The computerized controllers sense changes in temperature and humidity to adjust the amount of water supplied by automatic irrigation systems.
Sawtooth Botanical Garden board Chair John Balint said the Billion Gallon Project is the result of discussions among the garden and about a dozen local landscaping contractors over the past four years about what they can do to save water use in the Wood River Valley. Balint is also owner of local company Mountain High Landscapes.
He said the project involves an innovative payment plan for customers and volunteer time provided by contractors to provide free training to installers.
“Even though we’re competitors as landscapers, everybody’s working together to make this work,” he said.
Balint said the contractors agreed to allow customers who cannot afford the upfront costs of the controllers, which run about $300 to $600 plus the labor needed to install them, to make payments through their savings in water costs.

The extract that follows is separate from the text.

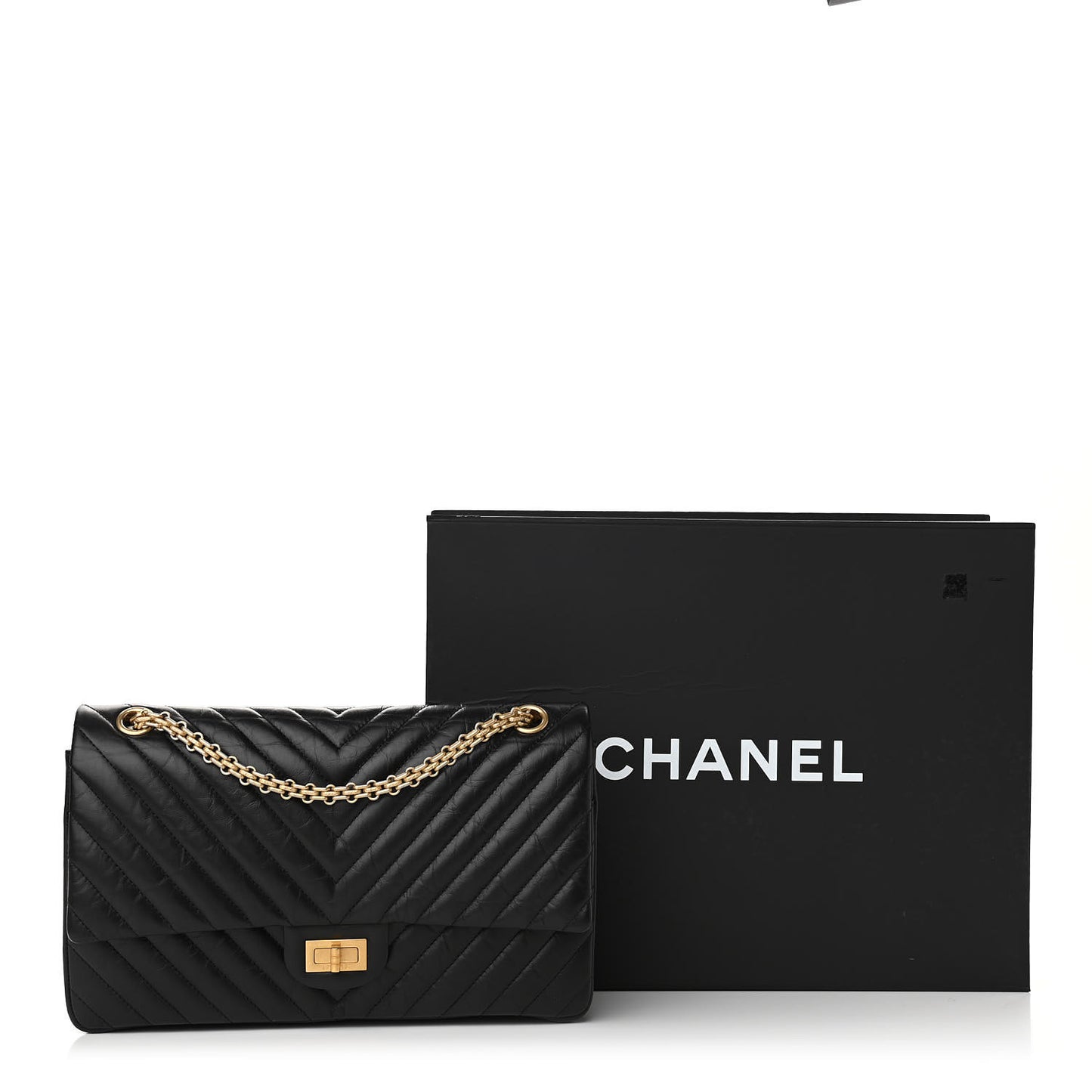 Aged Calfskin Chevron Quilted 2.55 Reissue 226 Flap Black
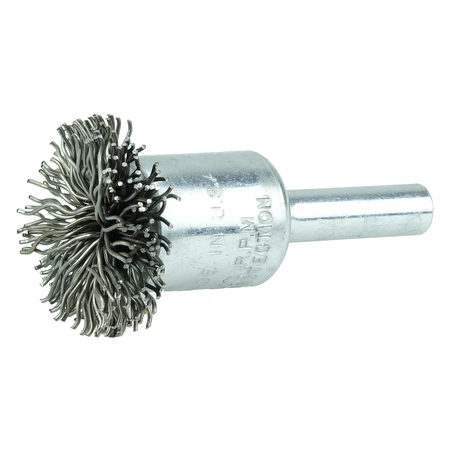 Weiler 1" Circular Flared Crimped Wire End Brush .020" Steel Fill 10099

He said the program was made possible by a considerable reduction in the cost of the smart controllers, which only a few years ago ran between $3,000 and $5,000. He said the payback time for most systems is now between two and five years.
“The bigger the scale, the quicker the return,” he said.
Balint said an important part of the project is a free certification program for landscape company employees to ensure that the systems are installed effectively.
“It’s only as accurate as the information you put into it,” he said.
Balint said the installations are combined with a water audit to determine the components needed, size and spacing of the sprinklers and how best to separate irrigation on sunny and shaded areas.
“There is some work involved in upgrading the system,” he said. “It takes about a year to get it tweaked in.”
Balint said employees from a half dozen local contractors were trained this winter at Silver Creek Irrigation in Hailey. He said an online course to supplement the certification classes has just been set up by Hunter Industries, a manufacturer of the smart controllers.
The certification standards were set with the help of the nonprofit Wood River Land Trust, which has been involved with landscape contractors participating in its Trout Friendly Lawn program. The program seeks to reduce water and pesticide use, and promote the use of native plants.
“It’s pretty exciting to see the professional standards raised and really regulated from within,” Land Trust Project Manager Patti Lousen said.
Balint said the plan is to have each of the contractors involved complete an installation and water audit at one home in the valley by mid-June. He said those homes will be used as models for hands-on professional training, provided by Advanced Irrigation Solutions owner Cody Farnsworth, for those who passed the class work. The installations will also be used to demonstrate to other groups what the project is about.
“We’re trying to make this a template to get the cities on board, the contractors on board and the nonprofits on board,” he said.
Hunter Industries Sales Manager Guy Collins said the project is the first he knows of to include the innovative payment plan and a free, comprehensive certification program.
“I personally think it’s the right approach,” Collins said. “It’s not just putting a device in a controller that makes it a smart controller. It’s one piece of an effective system. Without the knowledge and education, it could make things worse before it makes things better.”
He said the system needs to be properly adjusted so that brown spots do not result as water use is reduced.
Balint said there are between 8,000 and 10,000 automated domestic irrigation systems in the valley, and the project’s goal is to convert between 2,000 and 2,500 of them to smart controllers by the end of 2017.
He said the expectation is that the new systems will reduce the 3-4 billion gallons of water used by domestic irrigators each year in the valley by 200-300 million gallons—thereby producing the billion-gallon savings.
“If we don’t start controlling [water use], we’re going to have a lot less than what we’ll need in the future,” he said.